Published 2018-01-05, 08:31 a/m
Updated 2018-01-05, 08:44 a/m
© Reuters.  U.S. creates 148,000 jobs in December vs. 190,000 forecast

Investing.com – The U.S monthly employment report showed that the economy created fewer jobs than expected in December, according to official data released on Friday.

Non-farm payrolls (NFP) rose 148,000 in December, compared to the creation of 252,000 posts a month earlier that was revised up from the initial gain of 228,000.

The data missed the consensus estimate for the creation of 190,000 jobs, and was lower than 250,000 that the ADP report indicated a earlier.

However, the jobless rate met expectations by holding steady at 4.1%

Average hourly earnings advanced 0.3% month-on-month in December, in line with forecasts and compared to the prior 0.1% increase which was revised down from an initial 0.2% advance.

On an annualized basis, wage inflation rose 2.5% in December, that was in line with forecasts for it to remain stable with prior month’s reading.

The increase in wages is being closely monitored by the Federal Reserve for evidence of diminishing slack in the labor market and upward pressure on inflation.
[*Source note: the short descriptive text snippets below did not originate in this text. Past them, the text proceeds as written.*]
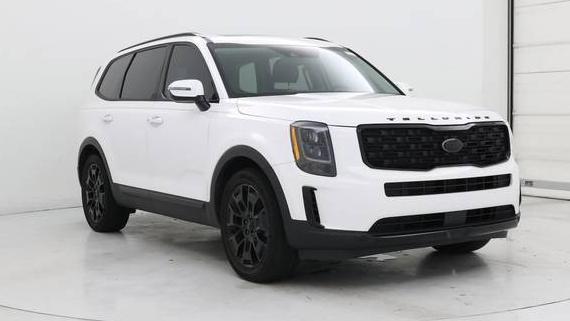 KIA TELLURIDE 2021 5XYP3DHC4MG176237 image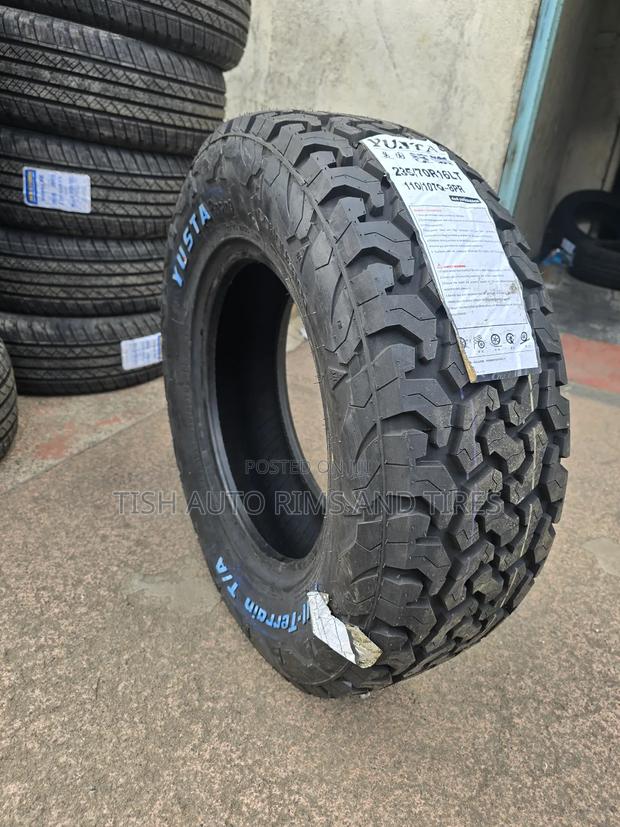 235/70r16 Yusta All Terrain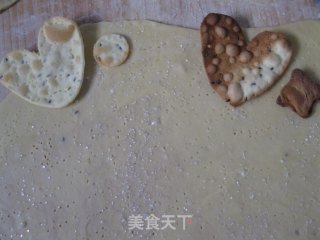 简单饼干的做法步骤：8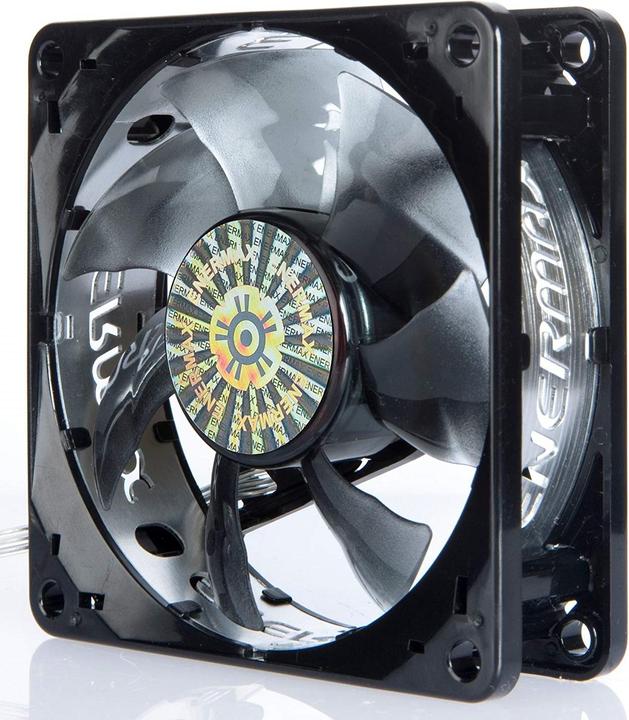 Actual product image Enermax T.B. Silence (80 mm, 1 x)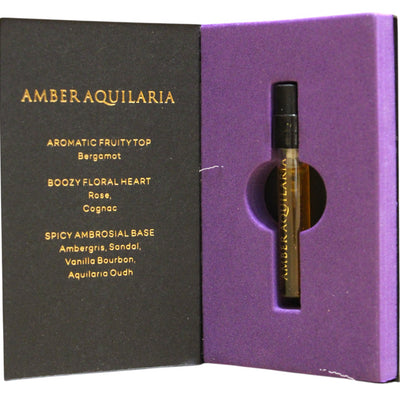 Electimuss Amber Aquilaria Emperor Collection Unisex Tester | Parfum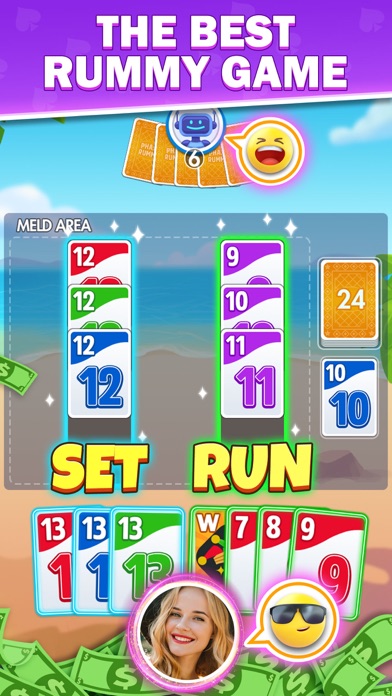 Phase Rummy: Win Real Cash screenshot 3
Economists generally consider an increase of 3.0% or more to be consistent with rising inflation.

Additionally, the private sector created fewer of the new job contracts than expected in December with a total of 146,000, compared to consensus expectations for 185,000. November’s number was revised to an increase of 239,000 private nonfarm payrolls, from the prior reading of the destruction of 221,000 jobs.

Government payrolls increased by 2,000 last month, compared to the 13,000 public jobs created in November, revised from an initial increase of 7,000 positions. December’s reading missed forecasts for the creation of 5,000 government posts.

The participation rate remained unchanged at 62.7% in December.

The U-6 unemployment rate, that includes those workers who are working part-time for purely economic reasons, increased to 8.1% from the November’s reading of 8.0%.

Furthermore, the average weekly hours held stable at 34.5 December, in line with expectations.

After the report, the dollar weakened, heading into negative territory against major rivals. Specifically, the U.S. Dollar Index traded at 91.54, compared to 91.80 ahead of the report. EUR/USD traded at 1.2071, from 1.2045 before the publication, USD/JPY traded at 113.06, from 113.29 earlier, and GBP/USD was at 1.3577, compared to 1.3551 previously.

U.S. futures still pointed to a higher open on Wall Street. The blue-chip Dow futures gained 91 points, or 0.36%, S&P 500 futures rose 10 points, or 0.37% while the Nasdaq 100 futures traded up 33 points, or 0.50%.

Elsewhere, in the commodities market, gold futures traded at $1,321.10 a troy ounce, compared to $1,319.00 ahead of the data, while crude oil traded at $61.49 a barrel from $61.31 earlier.